Zhehong Li 1,2,#, Liang Wang 1,2,#, Zheng Wang 1,2,#, Qiqige Wuyun 1,2, Buhe Amin 1,2, Dongbo Lian 1,2, Guangzhong Xu 1,2, Nengwei Zhang 1,2,, Dezhong Wang 1,2,
PMCID: PMC12302806  PMID: 40722092

Abstract

Background

Obesity is a chronic low-grade inflammatory condition. Laparoscopic sleeve gastrectomy (LSG) is a widely recognized intervention for weight management; however, the percentage of total weight loss (%TWL) achieved varies significantly among patients.

Objective

This study aims to develop a nomogram based on methylation sites associated with the inflammatory (INF) in intraoperative visceral adipose tissue (VAT) to predict %TWL at three years post-LSG.

Methods

Patients undergoing LSG were categorized into two groups based on their%TWL three years post-LSG: satisfactory (%TWL ≥25) and unsatisfactory (%TWL<25). Comparative analyses of 850K methylation microarrays from VAT samples were performed to identify methylation sites associated with INF-related genes. Differentially methylated sites were analyzed using least absolute shrinkage and selection operator, random forest, and support vector machine with recursive feature elimination analyses to identify key predictive methylation sites. A nomogram was subsequently developed using these hub methylation sites. The model's performance was assessed through receiver operating characteristic (ROC) curve analysis with bootstrap resampling, calibration curves, decision curve analysis (DCA), and clinical impact curves (CIC).

Results

Among 25 patients (11 satisfactory and 14 unsatisfactory), 151 differential INF-related methylation sites were identified. Two hub methylation sites, cg14027957 and cg20666492, were selected as predictors for the nomogram. Internal validation demonstrated excellent predictive performance, with an area under the curve (AUC) of 96.8%. The model also showed strong calibration and clinical utility.

Conclusion

The nomogram, based on two hub methylation sites, effectively predicts%TWL outcomes three years post-LSG. Its high predictive accuracy and clinical relevance suggest significant potential for guiding personalized treatment strategies in patients undergoing LSG

Supplementary Information

The online version contains supplementary material available at 10.1186/s12893-025-03073-7.
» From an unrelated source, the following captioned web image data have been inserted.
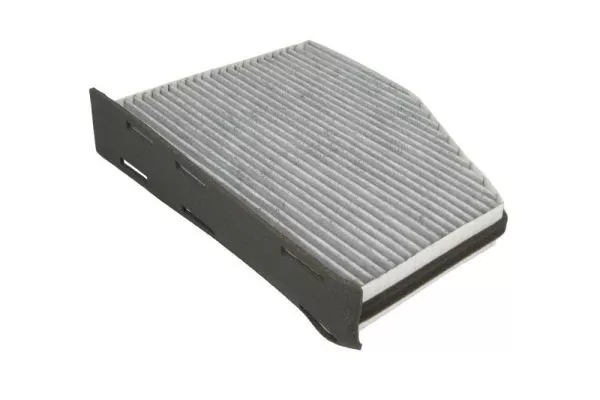 JC PREMIUM B4W018CPR Фільтр салону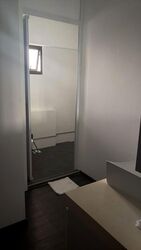Bishan Street 22 (Bishan),  #567187261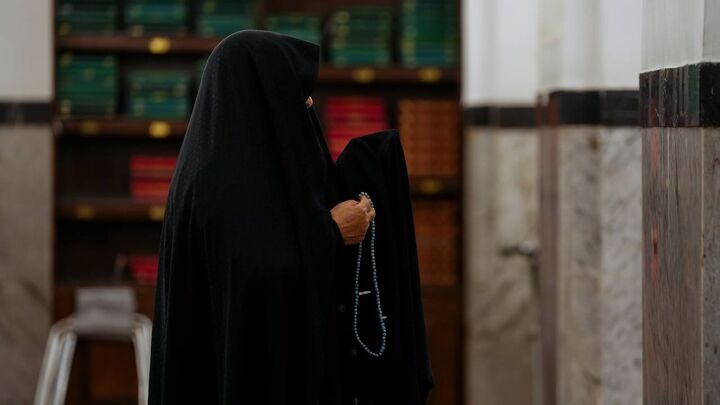 اعمال شب و روز ۲۸ ماه صفر چیست؟ + آیات اعمال شب و روز ۲۸ ماه صفر چیست؟ + آیات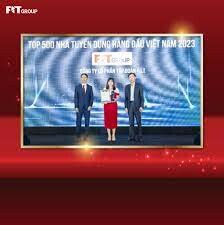 Tập Đoàn PKV Group 8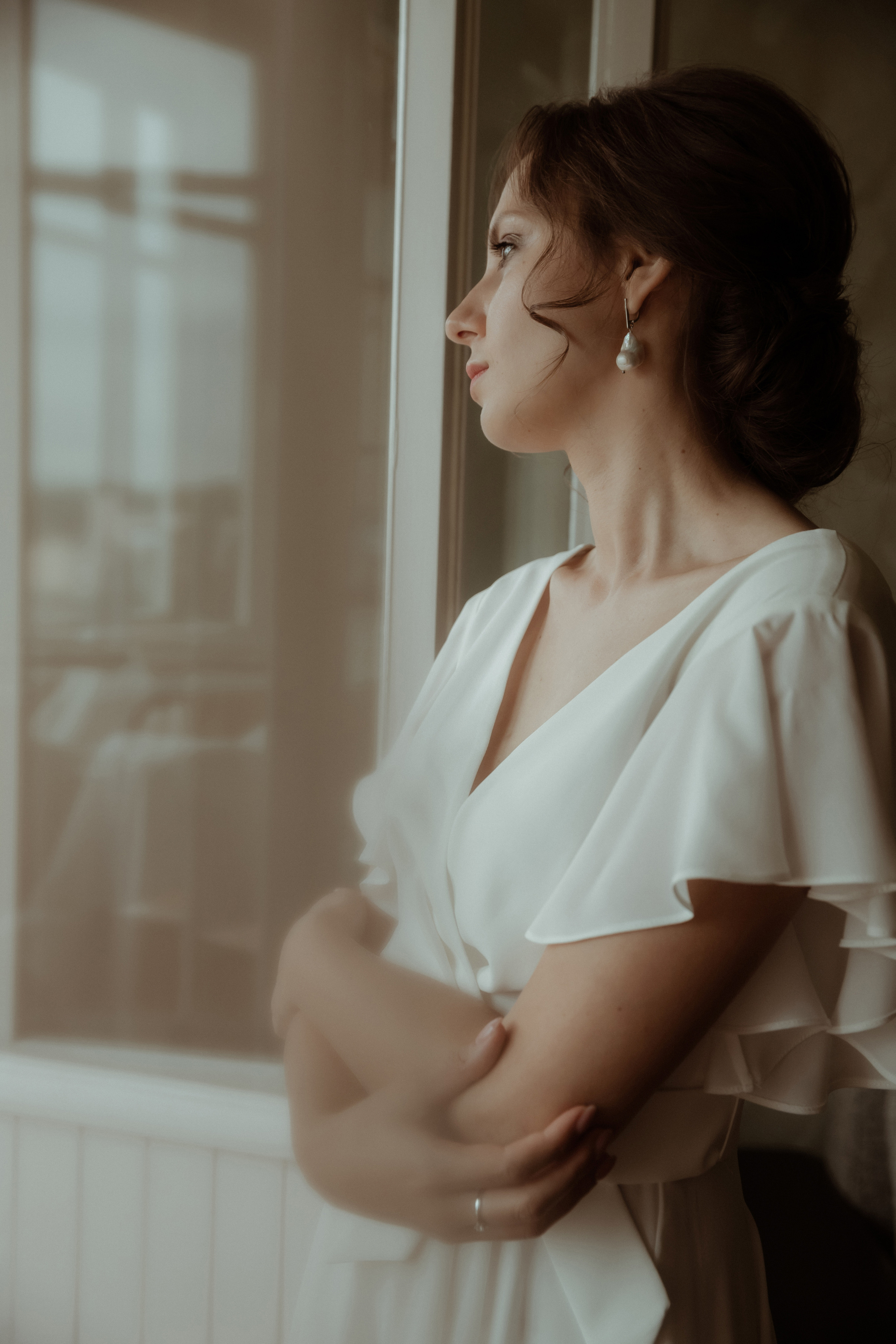 For two. Фотограф Лия Козловская Минск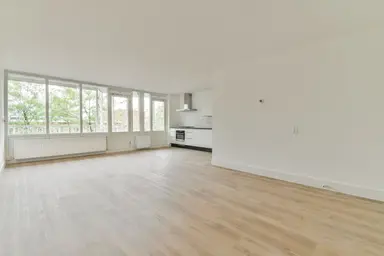 67m2 apartment te huur voor 1650€/maand in Polderplein 10, Hoofddorp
Keywords: Inflammatory response methylation sites, Percentage of total weight loss, Laparoscopic sleeve gastrectomy, Nomogram

Introduction

Obesity has become a global epidemic, impacting millions of people worldwide [13]. Although nutritional interventions, physical activity programs, and pharmaceutical treatments are available, these strategies often fail to deliver sustainable weight loss and metabolic regulation for many patients [4]. Bariatric surgery has emerged as a highly effective approach to managing obesity by reconstructing gastrointestinal anatomy, facilitating significant weight reduction, alleviating obesity-related comorbidities, and improving overall quality of life [5, 6]. Among bariatric procedures, laparoscopic sleeve gastrectomy (LSG) has gained prominence as the most commonly performed surgery worldwide [7].

The success of bariatric surgery is typically evaluated using the percentage of total weight loss (%TWL), with a %TWL threshold of ≥ 25% considered satisfactory [8]. However, 20–30% of patients experience unsatisfactory weight loss or weight regain within the first few years post-surgery [9]. Accurately predicting %TWL outcomes remains a significant challenge. While traditional clinical indicators are readily accessible, their reliability in predicting long-term postoperative outcomes is limited [10]. Recent evidence suggests that early postoperative weight loss post-LSG correlates with long-term weight outcomes [11]. However, reliance on postoperative data introduces a significant time delay, highlighting the need for precise preoperative indicators to predict %TWL effectively.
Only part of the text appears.